What we are going to create next
We will create a small enterprise-style network from your existing lab.
Current lab
You already have:
- Network A
- Network B
- Router between them
Next lab
We will add these ideas:
- Service separation
- Monitoring
- Controlled access
- Failure testing
- Basic reliability thinking
That is closer to SRE work.
Why this helps for SRE
An SRE does not only ask:
“Can these two PCs ping?”
An SRE asks:
- Is the service reachable?
- Who should be allowed to access it?
- How do I know when it fails?
- What happens if one link goes down?
- How do I reduce blast radius?
- How do I isolate problems quickly?
So your next lab should teach that mindset.
New lab goal
We will convert your current topology into this:
- Left subnet = Clients / Users
- Right subnet = Services / Servers
- Router = traffic path between them
- One PC on right side becomes Application Server
- One PC on left or right side becomes Monitoring Node
- Add ACL to control access
- Test failure scenarios
Final design
Use your same 2-subnet lab, but rename the purpose.
Subnet 1
192.168.1.0/24
Role:
- Users
- Clients
- Engineers’ laptops
Subnet 2
192.168.2.0/24
Role:
- App server
- Monitoring target
- Internal services
Router interfaces
G0/0 → 192.168.1.1
G0/1 → 192.168.2.1
This matches the structure of your current lab, which already uses two routed networks.

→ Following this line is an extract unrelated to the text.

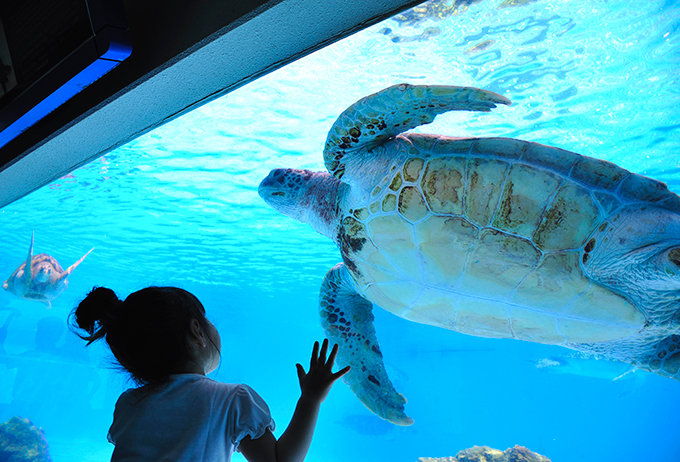 海龜館 海龜 美麗海水族館設施 海洋博公園設施 美麗海水族必看 海洋博公園必看 沖繩美麗海水族館 沖縄美ら海水族館 Okinawa Churaumi Aquarium 海洋博公園 Ocean Expo Park 沖繩自由行 沖繩自駕遊 沖繩景點 沖繩好去處 沖繩必去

What each part means in SRE terms
1. Client subnet
This represents:
- users
- internal engineers
- systems sending requests
In real life:
- office users
- jump hosts
- admin machines
- frontend callers
2. Service subnet
This represents:
- backend services
- internal APIs
- databases
- monitoring targets
In real life:
- app tier
- DB tier
- private service network
3. Router
This represents:
- controlled traffic path
- segmentation between environments
In real life, similar idea:
- VPC routing
- service boundaries
- controlled network flow
4. ACL
This represents:
- security policy
- network restriction
- blast-radius control
In real life:
- security groups
- network ACLs
- firewall rules
5. Monitoring node
This represents:
- observability
- health checks
- alert source
In real life:
- Prometheus server
- blackbox exporter
- uptime monitoring
Lab roadmap
We will do it in this order:
- Keep your current routing lab working
- Turn PCs into roles
- Add monitoring checks
- Add access control
- Simulate failure
- Document what happened
- Explain why this is SRE work
LAB: Next step after your subnetting lab
Step 1 — Keep the existing lab exactly as it is
From your current file, the router has:
enable
configure terminal
interface g0/0
ip address 192.168.1.1 255.255.255.0
no shutdown
interface g0/1
ip address 192.168.2.1 255.255.255.0
no shutdown
And the PCs use:
- 192.168.1.x on left
- 192.168.2.x on right
- correct gateways
Do not change that yet.
Step 2 — Assign roles to devices
Use the devices you already have and rename them.
Left side
- PC0 = Client-1
- PC1 = Client-2
- PC2 = Monitoring-Node
Right side
- PC3 = App-Server
- PC4 = DB-Server
- PC5 = Backup-Server
This is still Packet Tracer, but now you are thinking like operations.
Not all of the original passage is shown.